[Start of section]
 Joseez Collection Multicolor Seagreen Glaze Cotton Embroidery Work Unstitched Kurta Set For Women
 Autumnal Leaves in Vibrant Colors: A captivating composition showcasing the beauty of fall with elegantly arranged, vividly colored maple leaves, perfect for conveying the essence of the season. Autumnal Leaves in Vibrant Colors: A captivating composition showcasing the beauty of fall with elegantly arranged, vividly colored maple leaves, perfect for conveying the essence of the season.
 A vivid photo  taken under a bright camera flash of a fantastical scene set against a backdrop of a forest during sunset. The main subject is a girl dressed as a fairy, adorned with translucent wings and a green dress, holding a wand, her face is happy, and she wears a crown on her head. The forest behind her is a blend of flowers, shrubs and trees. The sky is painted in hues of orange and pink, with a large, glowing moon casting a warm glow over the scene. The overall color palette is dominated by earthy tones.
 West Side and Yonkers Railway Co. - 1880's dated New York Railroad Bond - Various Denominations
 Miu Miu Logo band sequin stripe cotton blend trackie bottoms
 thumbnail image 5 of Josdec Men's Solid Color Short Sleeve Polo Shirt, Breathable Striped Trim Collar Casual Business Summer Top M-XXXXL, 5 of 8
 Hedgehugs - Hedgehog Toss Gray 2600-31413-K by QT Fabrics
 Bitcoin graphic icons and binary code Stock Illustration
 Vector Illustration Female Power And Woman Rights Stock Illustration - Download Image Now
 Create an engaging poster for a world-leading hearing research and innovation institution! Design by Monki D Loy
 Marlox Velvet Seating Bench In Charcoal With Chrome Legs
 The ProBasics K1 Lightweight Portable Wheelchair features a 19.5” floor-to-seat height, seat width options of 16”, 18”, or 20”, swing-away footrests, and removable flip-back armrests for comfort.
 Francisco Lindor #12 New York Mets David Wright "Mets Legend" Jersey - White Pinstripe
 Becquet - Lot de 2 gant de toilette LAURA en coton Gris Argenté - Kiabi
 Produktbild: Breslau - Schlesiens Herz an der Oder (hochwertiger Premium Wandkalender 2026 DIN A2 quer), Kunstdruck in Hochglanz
[End of section]
Only the data above, repeated exactly, should make up the reply.

Reply:
 Joseez Collection Multicolor Seagreen Glaze Cotton Embroidery Work Unstitched Kurta Set For Women
 Autumnal Leaves in Vibrant Colors: A captivating composition showcasing the beauty of fall with elegantly arranged, vividly colored maple leaves, perfect for conveying the essence of the season. Autumnal Leaves in Vibrant Colors: A captivating composition showcasing the beauty of fall with elegantly arranged, vividly colored maple leaves, perfect for conveying the essence of the season.
 A vivid photo  taken under a bright camera flash of a fantastical scene set against a backdrop of a forest during sunset. The main subject is a girl dressed as a fairy, adorned with translucent wings and a green dress, holding a wand, her face is happy, and she wears a crown on her head. The forest behind her is a blend of flowers, shrubs and trees. The sky is painted in hues of orange and pink, with a large, glowing moon casting a warm glow over the scene. The overall color palette is dominated by earthy tones.
 West Side and Yonkers Railway Co. - 1880's dated New York Railroad Bond - Various Denominations
 Miu Miu Logo band sequin stripe cotton blend trackie bottoms
 thumbnail image 5 of Josdec Men's Solid Color Short Sleeve Polo Shirt, Breathable Striped Trim Collar Casual Business Summer Top M-XXXXL, 5 of 8
 Hedgehugs - Hedgehog Toss Gray 2600-31413-K by QT Fabrics
 Bitcoin graphic icons and binary code Stock Illustration
 Vector Illustration Female Power And Woman Rights Stock Illustration - Download Image Now
 Create an engaging poster for a world-leading hearing research and innovation institution! Design by Monki D Loy
 Marlox Velvet Seating Bench In Charcoal With Chrome Legs
 The ProBasics K1 Lightweight Portable Wheelchair features a 19.5” floor-to-seat height, seat width options of 16”, 18”, or 20”, swing-away footrests, and removable flip-back armrests for comfort.
 Francisco Lindor #12 New York Mets David Wright "Mets Legend" Jersey - White Pinstripe
 Becquet - Lot de 2 gant de toilette LAURA en coton Gris Argenté - Kiabi
 Produktbild: Breslau - Schlesiens Herz an der Oder (hochwertiger Premium Wandkalender 2026 DIN A2 quer), Kunstdruck in Hochglanz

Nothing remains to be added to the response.